Anggaran untuk dukungan teknis penegakan HAM tersisa Rp 1,2 miliar. Hal ini berarti lebih dari 90 persen anggaran untuk penegakan HAM mengalami penurunan. Terlebih lagi, Komnas HAM tidak bisa menggunakan anggaran non-APBN untuk menambal kekurangan ini. “Ini akan menjadi masalah, karena pada tugas dan fungsi atau tusi penegakan HAM, kami tidak bisa menggunakan anggaran non-APBN untuk menjamin independensi dari Komnas HAM,” kata Atnike.
Dia meminta DPR mengkaji ulang terhadap rekonstruksi anggaran pada kuartal kedua nanti.
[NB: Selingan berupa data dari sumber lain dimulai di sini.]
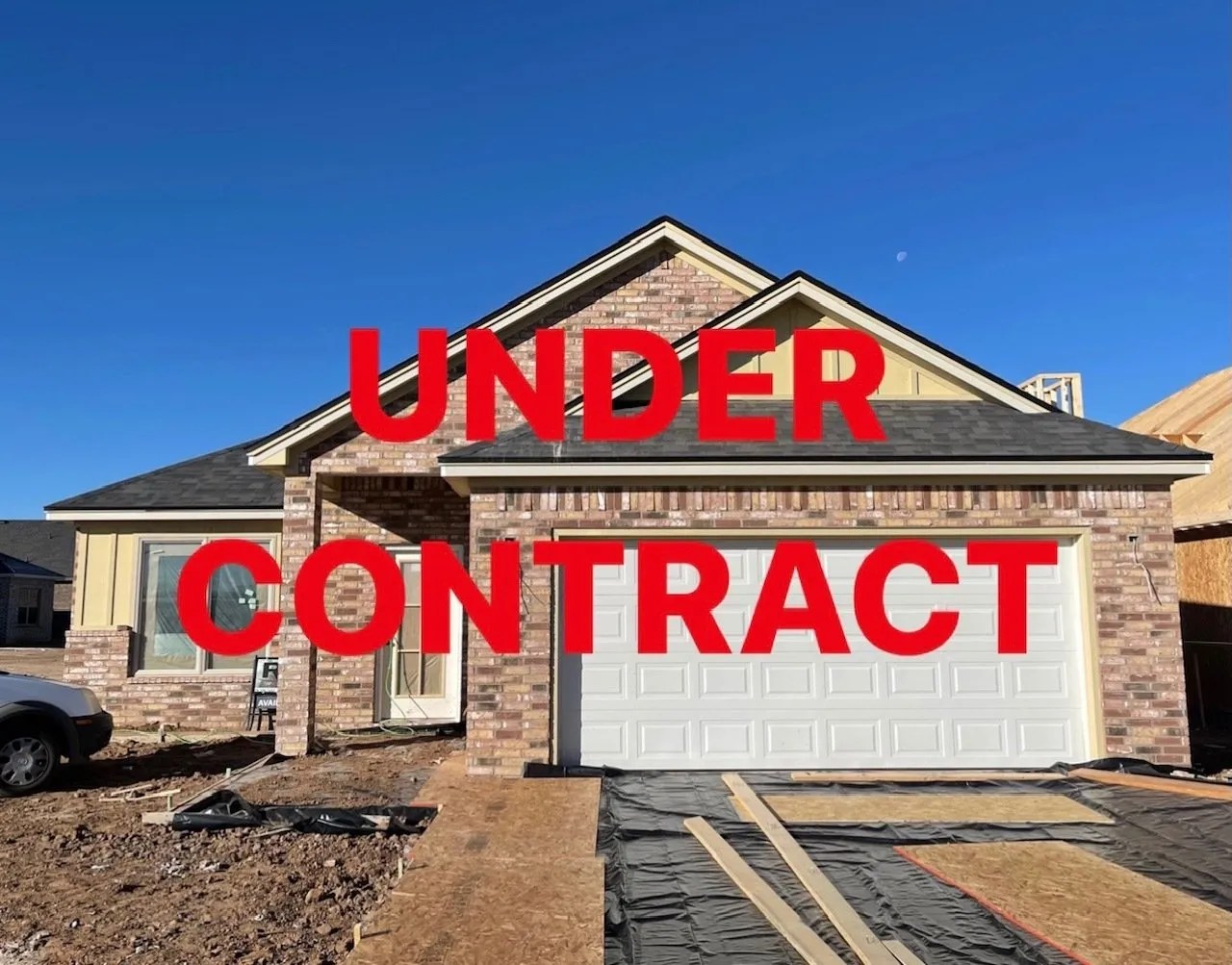 Available Properties Lubbock, TX Craig Ray Custom Homes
Sebab, berkurangnya anggaran secara signifikan bakal memberi tantangan bagi Komnas HAM dalam memonitor pemenuhan serta pelindungan hak asasi manusia. “Dengan berkurangnya anggaran pelaksanaan tusi Komnas HAM sebesar lebih dari 50 persen untuk penegakan hak asasi manusia, kami menghadapi permasalahan akses masyarakat terhadap keadilan,” ujar dia.
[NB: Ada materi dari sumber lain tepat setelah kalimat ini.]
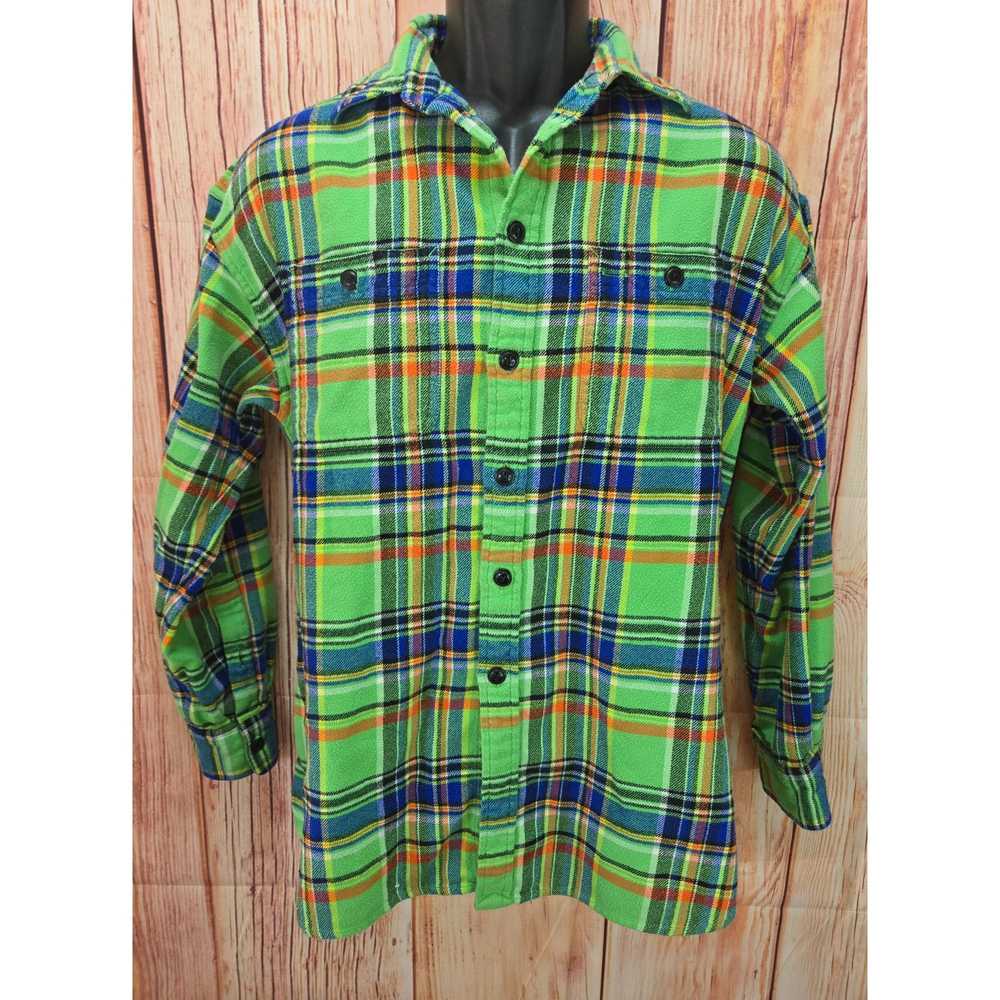 Polo Ralph Lauren Polo Ralph Lauren Mens Plaid Gr… - image 1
Ombudsman: Anggaran Tak Akan Mencukupi untuk Jalankan Tugas Utama Ombudsman
Keputusan pemangkasan anggaran pemerintahan Prabowo berdampak signifikan terhadap Ombudsman Republik Indonesia. Ketua Ombudsman Mokhammad Najih mengatakan efisiensi anggaran bakal mengganggu penanganan berbagai pengaduan masyarakat yang masuk ke Ombudsman.
Najih menyebutkan pagu anggaran yang dialokasikan ke Ombudsman sangat minim. Alokasi dana itu dipastikan tidak akan mencukupi untuk menjalankan tugas utama Ombudsman sebagai lembaga pengawasan terhadap pelayanan publik pemerintah. “Penyelesaian laporan masyarakat dan opini pengawasan itu belum ada anggaran yang mencukupi untuk melakukan pencapaian target sebagaimana ditetapkan dalam Rencana Pelaksanaan Kegiatan tahun 2025,” kata Najih dalam rapat di Komisi II DPR di kompleks parlemen, Senayan, Jakarta Pusat, Rabu, 12 Februari 2025.
Najih mengatakan pagu anggaran Ombudsman pada tahun anggaran sebelum dipangkas sebesar Rp 255 miliar. Lalu pemerintah memangkas separuh anggaran tersebut hingga menjadi Rp 163,991 miliar.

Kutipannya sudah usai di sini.